### YOUR OBJECTIVE
The copy should hold exactly the lines below from the one that contains "Promotie: Superieur muurverf" through the one that contains "with wooden legs." and nothing else, so no pictures.

### DATA SUPPLIED

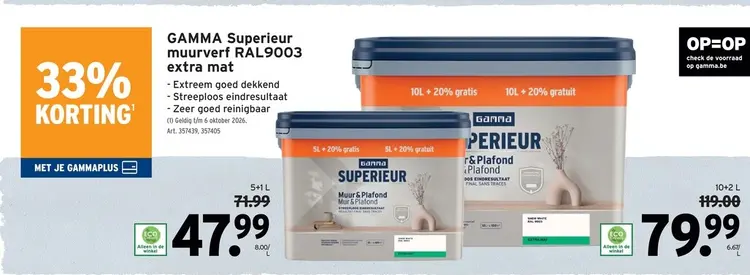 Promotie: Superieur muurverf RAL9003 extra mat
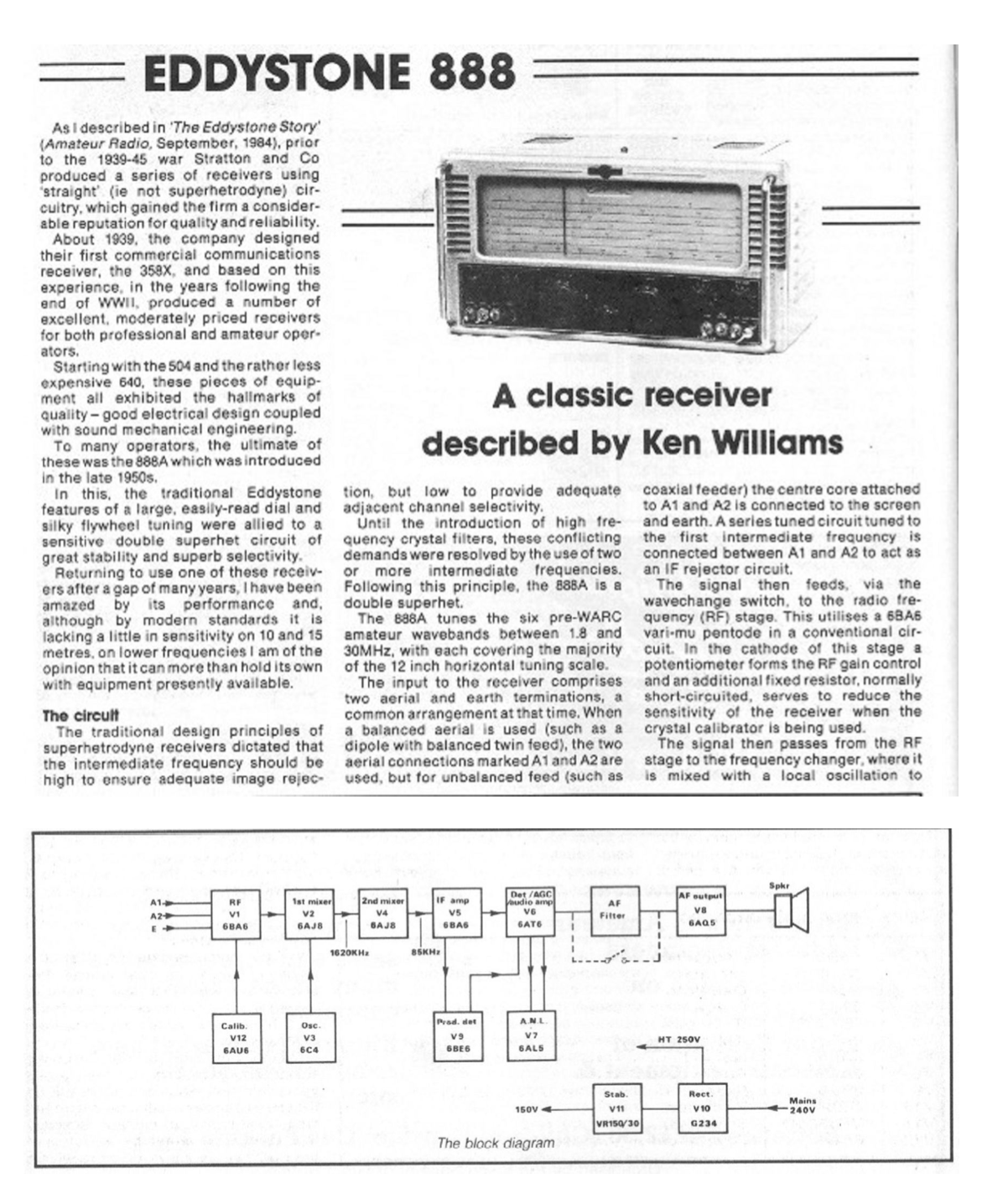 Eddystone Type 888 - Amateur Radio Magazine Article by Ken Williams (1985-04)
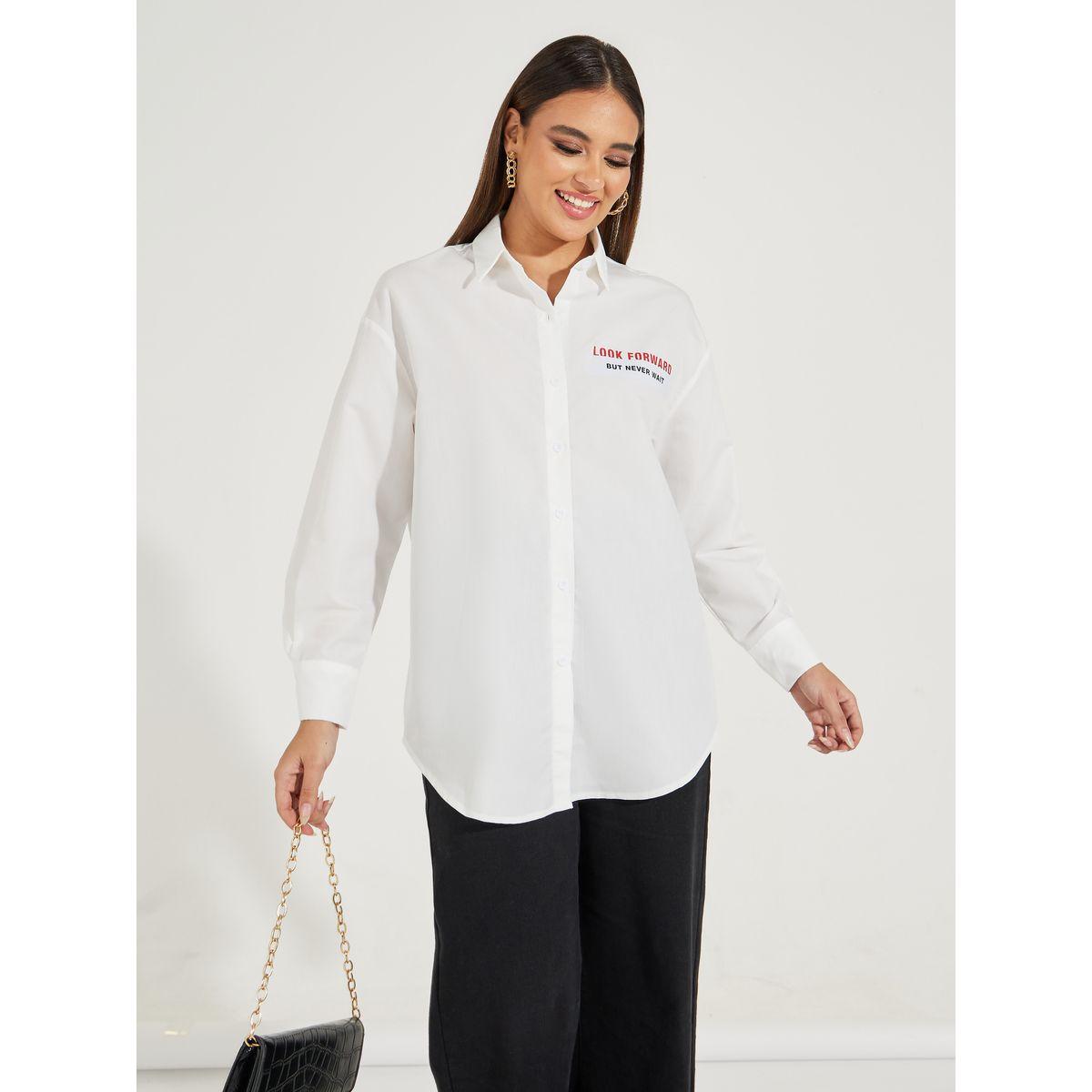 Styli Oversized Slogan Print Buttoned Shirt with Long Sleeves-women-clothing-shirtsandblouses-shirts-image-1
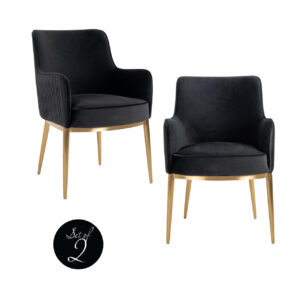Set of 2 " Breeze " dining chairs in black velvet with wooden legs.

...

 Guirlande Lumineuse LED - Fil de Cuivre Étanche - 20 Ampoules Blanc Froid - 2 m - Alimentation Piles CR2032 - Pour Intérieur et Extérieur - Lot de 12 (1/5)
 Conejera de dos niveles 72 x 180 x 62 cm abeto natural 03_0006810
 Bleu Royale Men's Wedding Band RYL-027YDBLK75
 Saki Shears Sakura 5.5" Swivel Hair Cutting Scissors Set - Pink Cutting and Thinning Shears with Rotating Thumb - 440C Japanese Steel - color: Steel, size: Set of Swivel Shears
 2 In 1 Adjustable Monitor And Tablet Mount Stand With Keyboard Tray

### TASK ANSWER
 Promotie: Superieur muurverf RAL9003 extra mat
 Eddystone Type 888 - Amateur Radio Magazine Article by Ken Williams (1985-04)
 Styli Oversized Slogan Print Buttoned Shirt with Long Sleeves-women-clothing-shirtsandblouses-shirts-image-1
Set of 2 " Breeze " dining chairs in black velvet with wooden legs.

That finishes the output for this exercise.